_TASK_
When you reach the line that contains "Sudadera gris de" in the data below, start reproducing lines exactly, and stop after the line that contains "Volante de Volkswagen".

_TASK DATA_

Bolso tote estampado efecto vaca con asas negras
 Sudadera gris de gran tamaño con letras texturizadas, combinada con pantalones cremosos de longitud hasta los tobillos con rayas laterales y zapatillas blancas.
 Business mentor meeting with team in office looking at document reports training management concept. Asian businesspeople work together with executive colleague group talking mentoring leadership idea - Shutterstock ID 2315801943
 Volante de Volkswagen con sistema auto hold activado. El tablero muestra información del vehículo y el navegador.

* * *

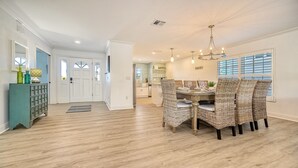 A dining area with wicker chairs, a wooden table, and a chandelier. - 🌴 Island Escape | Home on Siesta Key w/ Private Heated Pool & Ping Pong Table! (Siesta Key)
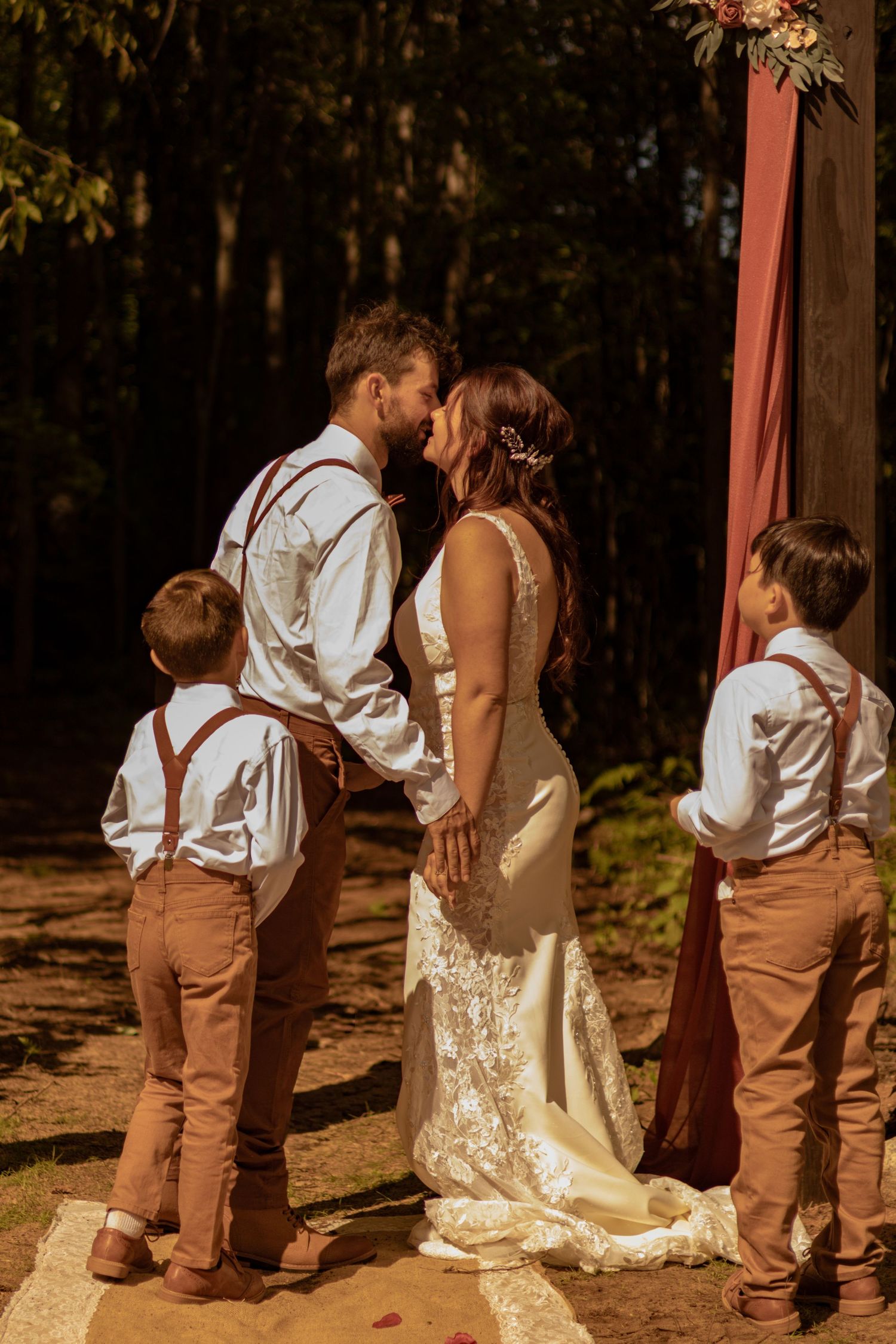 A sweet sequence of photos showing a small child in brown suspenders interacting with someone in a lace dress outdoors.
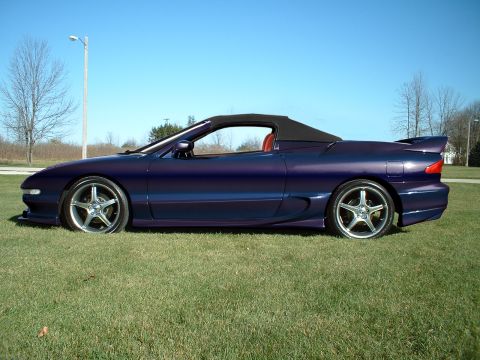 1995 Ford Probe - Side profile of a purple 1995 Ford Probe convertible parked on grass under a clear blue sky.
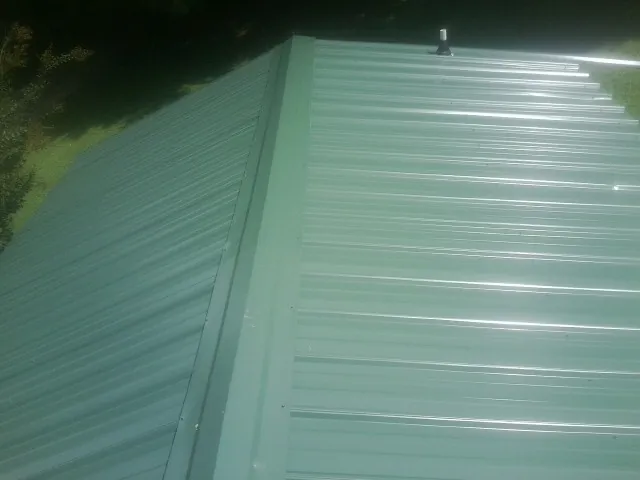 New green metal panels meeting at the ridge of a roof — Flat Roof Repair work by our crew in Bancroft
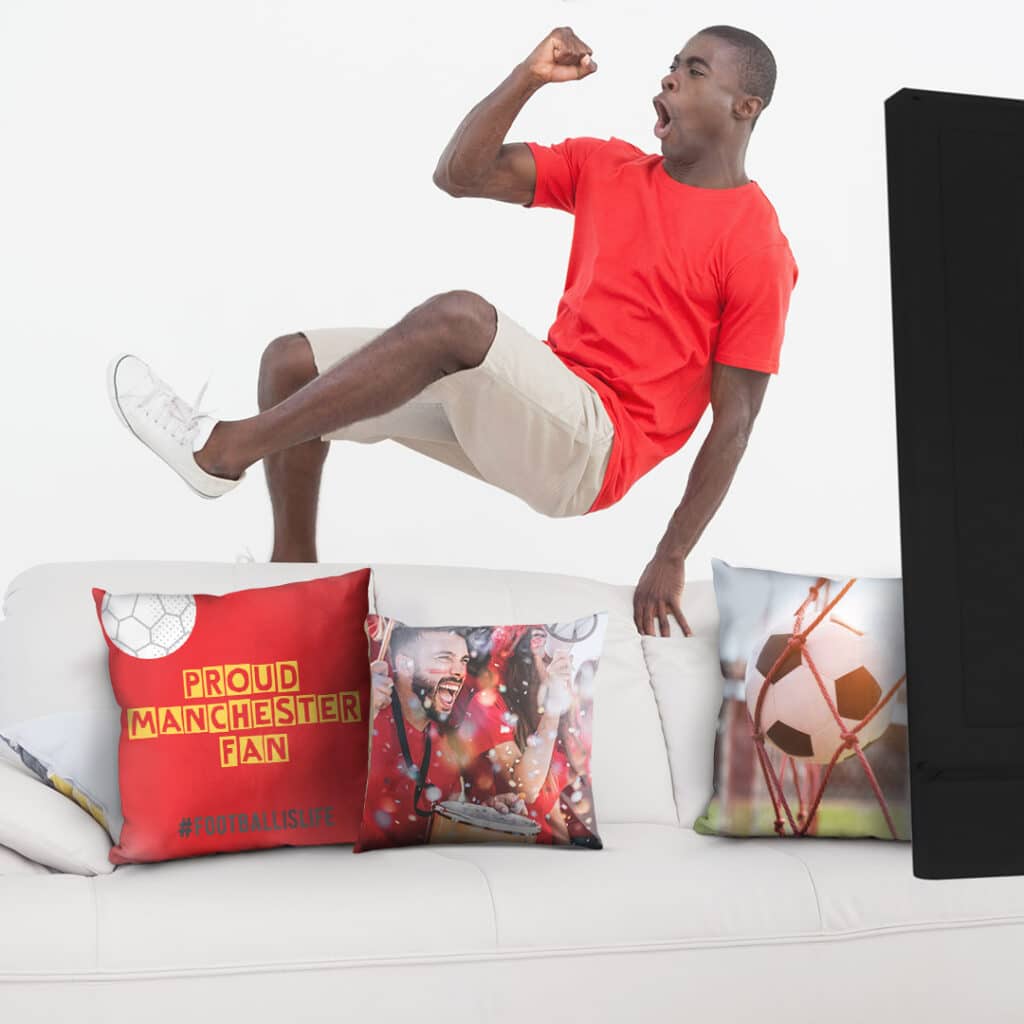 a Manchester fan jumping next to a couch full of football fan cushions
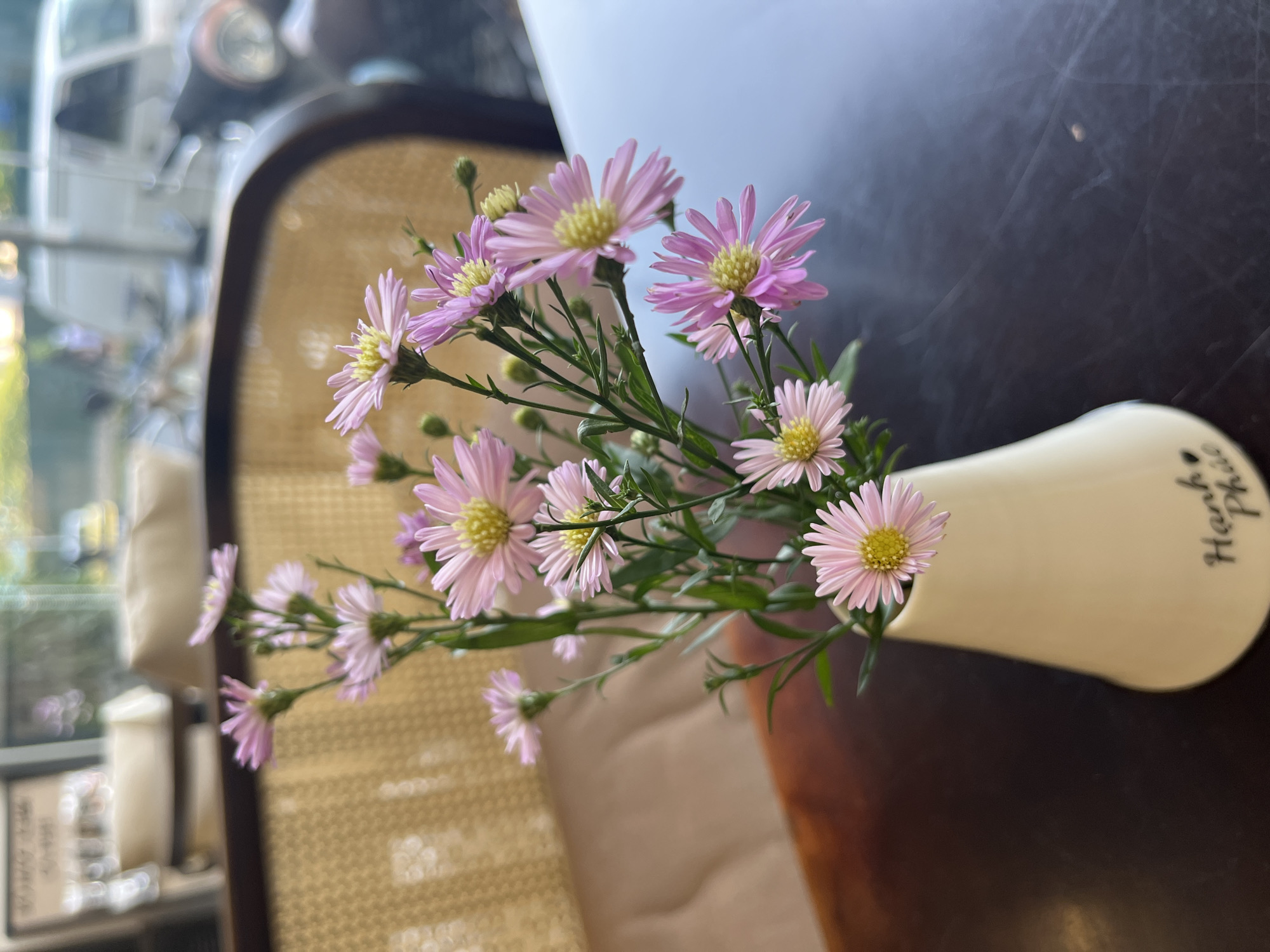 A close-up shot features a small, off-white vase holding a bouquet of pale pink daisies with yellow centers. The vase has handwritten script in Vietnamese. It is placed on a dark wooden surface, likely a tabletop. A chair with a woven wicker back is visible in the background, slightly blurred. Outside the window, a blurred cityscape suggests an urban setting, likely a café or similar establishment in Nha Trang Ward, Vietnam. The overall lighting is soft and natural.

_WRITTEN ANSWER_
 Sudadera gris de gran tamaño con letras texturizadas, combinada con pantalones cremosos de longitud hasta los tobillos con rayas laterales y zapatillas blancas.
 Business mentor meeting with team in office looking at document reports training management concept. Asian businesspeople work together with executive colleague group talking mentoring leadership idea - Shutterstock ID 2315801943
 Volante de Volkswagen con sistema auto hold activado. El tablero muestra información del vehículo y el navegador.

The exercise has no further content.